Voici une des premières histoires qui me fut contée lorsque je déclarais mon intérêt pour la broderie en piquants de porc-épic, ou « travail aux piquants », à Regina, dans la province de la Saskatchewan, au Canada. C’est là-bas que j’ai vécu, par intermittence, depuis 1999. C’est là-bas que j’ai « découvert » les sociétés amérindiennes des Plaines, et plus particulièrement, les Cree, les Lakota, les Assiniboine –Nakota- et les Blackfeet. En travaillant au Musée Royal de la Saskatchewan dans le cadre de mon stage de maîtrise, je suis un jour tombée en arrêt devant une des vitrines de la First Nations Gallery (galerie des Premières Nations), devant une paire de mocassins brodés aux piquants d’une beauté et d’une finesse qui m’ont touchées. L’idée a fait son chemin, et ces mocassins, et cet art, sont devenus le sujet de mon travail de DEA. Bien sûr, petit à petit, les objets ont été supplantés dans mon intérêt par les hommes et les femmes qui brodaient, utilisaient, donnaient, parlaient sur ces objets…Et par la force qui émanait de ces cultures déclarées moribondes par tant d’anthropologues et d’historiens : acculturées, perdues, à la dérive.

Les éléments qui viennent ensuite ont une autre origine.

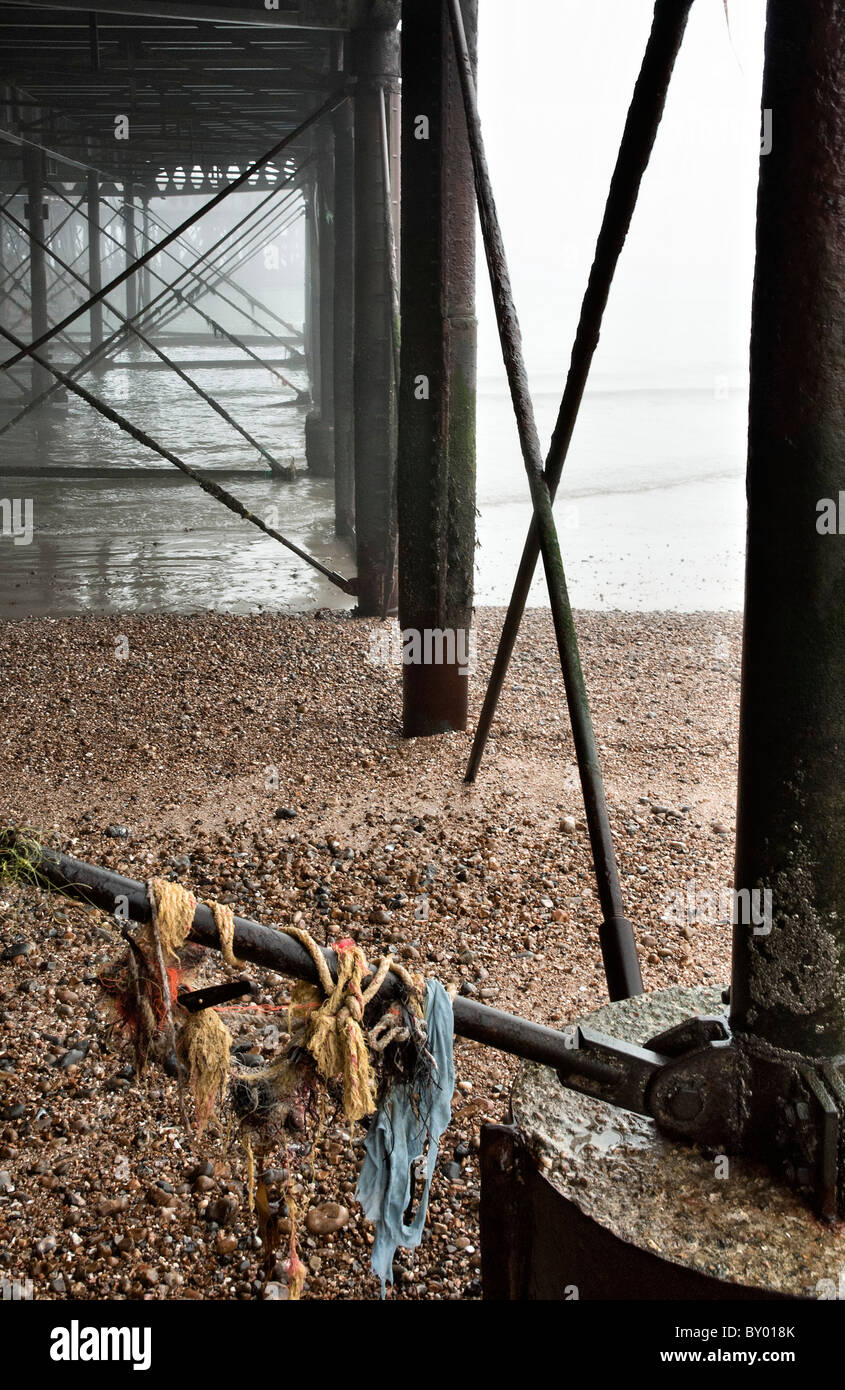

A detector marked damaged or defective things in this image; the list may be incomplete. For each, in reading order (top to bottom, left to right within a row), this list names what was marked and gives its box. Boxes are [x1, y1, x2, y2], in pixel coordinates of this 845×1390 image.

rusty metal support column [22, 141, 49, 394]
rusty metal support column [85, 167, 102, 358]
rusty metal support column [307, 122, 336, 478]
rusty metal support column [332, 84, 354, 533]
rusty metal support column [351, 5, 400, 614]
rusty metal support column [394, 0, 475, 739]
rusty metal support column [728, 0, 844, 1050]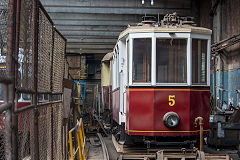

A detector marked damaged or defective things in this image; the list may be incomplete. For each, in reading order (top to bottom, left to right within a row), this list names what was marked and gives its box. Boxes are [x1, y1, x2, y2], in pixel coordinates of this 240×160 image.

Si j’ai un jour décidé de partir confronter mon Indien imaginaire aux « vrais » « autochtones américains », c’est que j’ai été bercée depuis l’enfance par des histoires d’Indiens et de cow-boys, par les westerns de John Ford tant affectionnés par mon père, et que je « supportais » toujours devant l’écran les dits « sauvages », face aux « visages pâles »… Ces images d’Epinal, même si l’on veut en rire, ont la peau dure, et quel enfant français interrogé aujourd’hui sur ce qu’est un Indien ne répondrait pas par la description d’un guerrier en pagne, arc et flèches à la main, plumes dressées sur la tête…

Par chance, mes études d’anthropologie m’ont permis d’aller confronter ces stéréotypes à la réalité de l’existence de « nos nobles sauvages » : une réalité faite de contradictions, ne se résumant ni au chômage, au racisme, à l’alcoolisme et au désarroi ; ni au « Red Power », à la force de la foi, des valeurs familiales, du respect de la vie, de la terre et des ancêtres.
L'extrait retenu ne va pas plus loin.